Thornleigh Seventh-day Adventist Church (Sydney, Australia)

Home > Online Magazine > Online Magazine: Edition 48 - August/September 2012 > Henny Penny the Kitchen Visitor (by Pr George Porter)

Henny Penny the Kitchen Visitor

by Pr George Porter

 
Henny Penny the Kitchen Visitor  ---  a story of a home grown hen

 
My story today is about a faithful white hen my mother called Henny Penny.  However, we must begin the story when Henny Penny was just a day old chick called Chickey Lickey.  Just after the war Dad settled on a 2 hectare plot of virgin bush just under the border gate at Nunimbah. Our humble three roomed hut was under the shadow of the McPherson range.

After clearing some land we planted a large fruit and vegetable garden to supply food for our family. One day Dad decided that we should purchase a dozen day old chickens, so that our diet could be eventually supplemented with good fresh farm eggs.

The day came to purchase the chickens.  Dad noticed an advertisement in the local paper, "The Tweed Daily", where Budd's Farm Supplies were offering chicks for sale. There was great excitement one morning when we all prepared for town.  We walked four kms along an old bush road to the main Nunimbah to Murwillumbah road and caught the bus for town.  Murwillumbah was about thirty kms away.  The bus travelled every week day from the border gates to Murwillumbah,  taking farmers to shop and school students to Chillingham Primary and Murwillumbah High schools.

After a bouncy ride we arrived in town and our first work was to go to the shoe shop and ask for an old shoe box.   After placing some fine straw in the box we went off to Budd's farm supplies to buy our chickens.  It was all so exciting.  Before placing the chicks in the box we poked many holes in the lid so that the dear little chicks could breathe and not suffocate.

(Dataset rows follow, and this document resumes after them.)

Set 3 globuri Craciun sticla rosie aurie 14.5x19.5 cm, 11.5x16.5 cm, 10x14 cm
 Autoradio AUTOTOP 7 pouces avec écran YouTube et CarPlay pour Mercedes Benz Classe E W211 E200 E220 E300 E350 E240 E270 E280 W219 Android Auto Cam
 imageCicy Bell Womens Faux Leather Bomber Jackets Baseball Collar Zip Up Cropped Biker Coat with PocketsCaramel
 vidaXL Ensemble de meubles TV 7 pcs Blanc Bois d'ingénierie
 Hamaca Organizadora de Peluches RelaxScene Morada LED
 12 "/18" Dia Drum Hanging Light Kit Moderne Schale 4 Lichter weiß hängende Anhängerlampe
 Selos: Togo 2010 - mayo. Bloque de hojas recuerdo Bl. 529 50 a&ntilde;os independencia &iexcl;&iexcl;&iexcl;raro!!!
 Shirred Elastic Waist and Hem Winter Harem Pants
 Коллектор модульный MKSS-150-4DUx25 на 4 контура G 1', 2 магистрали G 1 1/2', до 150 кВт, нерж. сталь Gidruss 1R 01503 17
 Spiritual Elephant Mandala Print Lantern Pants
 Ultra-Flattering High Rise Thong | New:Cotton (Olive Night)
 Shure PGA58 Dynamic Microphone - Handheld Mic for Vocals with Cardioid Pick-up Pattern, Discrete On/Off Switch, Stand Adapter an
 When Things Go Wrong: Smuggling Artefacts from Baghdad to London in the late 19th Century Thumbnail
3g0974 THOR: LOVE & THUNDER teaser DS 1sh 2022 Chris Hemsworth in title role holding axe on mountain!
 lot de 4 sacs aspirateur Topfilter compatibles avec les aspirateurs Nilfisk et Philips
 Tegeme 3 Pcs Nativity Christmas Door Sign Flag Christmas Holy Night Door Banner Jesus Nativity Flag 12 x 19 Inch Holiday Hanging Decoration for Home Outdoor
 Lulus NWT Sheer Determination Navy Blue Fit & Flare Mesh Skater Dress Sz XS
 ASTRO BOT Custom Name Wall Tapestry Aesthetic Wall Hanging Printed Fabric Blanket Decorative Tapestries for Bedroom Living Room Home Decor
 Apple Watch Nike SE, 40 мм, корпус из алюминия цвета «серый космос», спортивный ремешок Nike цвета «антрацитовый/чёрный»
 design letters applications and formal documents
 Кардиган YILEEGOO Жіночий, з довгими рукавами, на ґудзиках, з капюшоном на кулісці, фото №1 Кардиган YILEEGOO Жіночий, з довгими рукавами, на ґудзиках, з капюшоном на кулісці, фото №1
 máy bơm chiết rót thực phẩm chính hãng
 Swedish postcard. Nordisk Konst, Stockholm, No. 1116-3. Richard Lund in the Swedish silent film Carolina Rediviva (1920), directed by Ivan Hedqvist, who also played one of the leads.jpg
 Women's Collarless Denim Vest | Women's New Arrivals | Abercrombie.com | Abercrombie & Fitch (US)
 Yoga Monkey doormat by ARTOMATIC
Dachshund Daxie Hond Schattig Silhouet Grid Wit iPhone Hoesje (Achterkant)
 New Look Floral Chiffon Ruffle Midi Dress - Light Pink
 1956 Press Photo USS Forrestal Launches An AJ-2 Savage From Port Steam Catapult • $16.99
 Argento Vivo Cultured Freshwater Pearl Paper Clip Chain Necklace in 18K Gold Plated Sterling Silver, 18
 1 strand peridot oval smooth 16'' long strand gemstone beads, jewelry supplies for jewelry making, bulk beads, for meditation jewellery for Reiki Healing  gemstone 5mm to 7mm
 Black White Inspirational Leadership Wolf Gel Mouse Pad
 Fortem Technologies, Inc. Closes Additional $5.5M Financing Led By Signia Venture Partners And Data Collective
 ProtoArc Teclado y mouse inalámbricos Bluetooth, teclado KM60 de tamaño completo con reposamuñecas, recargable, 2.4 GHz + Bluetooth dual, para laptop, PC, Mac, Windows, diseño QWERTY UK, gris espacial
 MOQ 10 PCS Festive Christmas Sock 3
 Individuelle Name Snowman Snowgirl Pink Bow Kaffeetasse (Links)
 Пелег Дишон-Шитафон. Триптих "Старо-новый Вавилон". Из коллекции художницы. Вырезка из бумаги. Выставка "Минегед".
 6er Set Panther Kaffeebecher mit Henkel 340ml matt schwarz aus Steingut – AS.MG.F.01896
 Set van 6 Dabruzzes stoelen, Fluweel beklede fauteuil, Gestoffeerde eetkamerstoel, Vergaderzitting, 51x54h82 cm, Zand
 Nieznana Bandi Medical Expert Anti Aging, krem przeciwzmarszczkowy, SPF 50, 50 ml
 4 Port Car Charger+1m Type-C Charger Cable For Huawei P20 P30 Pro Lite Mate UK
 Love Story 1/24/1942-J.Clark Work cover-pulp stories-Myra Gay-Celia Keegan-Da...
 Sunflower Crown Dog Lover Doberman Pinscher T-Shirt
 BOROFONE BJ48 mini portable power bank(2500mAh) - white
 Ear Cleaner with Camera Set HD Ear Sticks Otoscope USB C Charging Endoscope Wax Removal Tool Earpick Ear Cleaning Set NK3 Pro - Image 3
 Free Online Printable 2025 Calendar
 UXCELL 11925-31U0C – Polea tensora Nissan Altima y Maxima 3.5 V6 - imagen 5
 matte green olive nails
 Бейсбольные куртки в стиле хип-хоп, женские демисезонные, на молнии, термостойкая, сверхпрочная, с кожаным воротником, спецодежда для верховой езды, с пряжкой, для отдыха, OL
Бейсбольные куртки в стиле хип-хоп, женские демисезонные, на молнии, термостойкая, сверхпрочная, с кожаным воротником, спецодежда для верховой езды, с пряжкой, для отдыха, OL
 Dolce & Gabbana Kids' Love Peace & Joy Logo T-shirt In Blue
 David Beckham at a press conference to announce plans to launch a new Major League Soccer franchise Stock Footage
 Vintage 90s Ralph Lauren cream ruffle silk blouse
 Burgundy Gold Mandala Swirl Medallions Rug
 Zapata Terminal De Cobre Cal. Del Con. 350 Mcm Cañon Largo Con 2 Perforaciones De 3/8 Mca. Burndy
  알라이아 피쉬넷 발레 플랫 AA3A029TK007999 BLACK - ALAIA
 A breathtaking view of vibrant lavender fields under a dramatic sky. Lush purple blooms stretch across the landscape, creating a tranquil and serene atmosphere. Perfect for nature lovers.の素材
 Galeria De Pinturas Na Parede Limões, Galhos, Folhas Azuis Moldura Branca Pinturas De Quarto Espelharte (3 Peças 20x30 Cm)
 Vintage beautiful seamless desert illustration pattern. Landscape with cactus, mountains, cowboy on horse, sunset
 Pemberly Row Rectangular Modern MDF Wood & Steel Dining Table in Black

We waited until just before the bus left to return home after school came out before collecting the chicks.  Mister Budd allowed Dad to choose twelve fluffy chicks himself assuring him that they were all little lady chicks.   He also assured Dad that they were all white leghorns and would one day be prolific producers of fresh eggs.  With this assurance we boarded our bus and after collecting the high school students set off for our home in Nunimbah.

We were so proud of our shoe box of chickens.  My brother Robert and I were allowed to take turns in nursing the shoe box.  The little chicks did quite a lot of chirping and scratching on the journey to their new home.  We had to be so careful to keep the box level so that the little balls of fluff did not pile up in a heap at one end of the box.   On arrival at home Mum suggested to Dad that he had better make a woolen mother hen to keep the chicks warm through the frosty night.  Dad obeyed immediately.  He took an old wooden box and made a lid for it.  Then he took an old disused flannelette blanket and cut it into many, many strips long enough to hang down from the lid to almost the bottom of the box.   The chicks at night snuggled up under and amongst the flannelette "feathers" of their make belief foster mother!   They loved it and ate, drank and grew daily.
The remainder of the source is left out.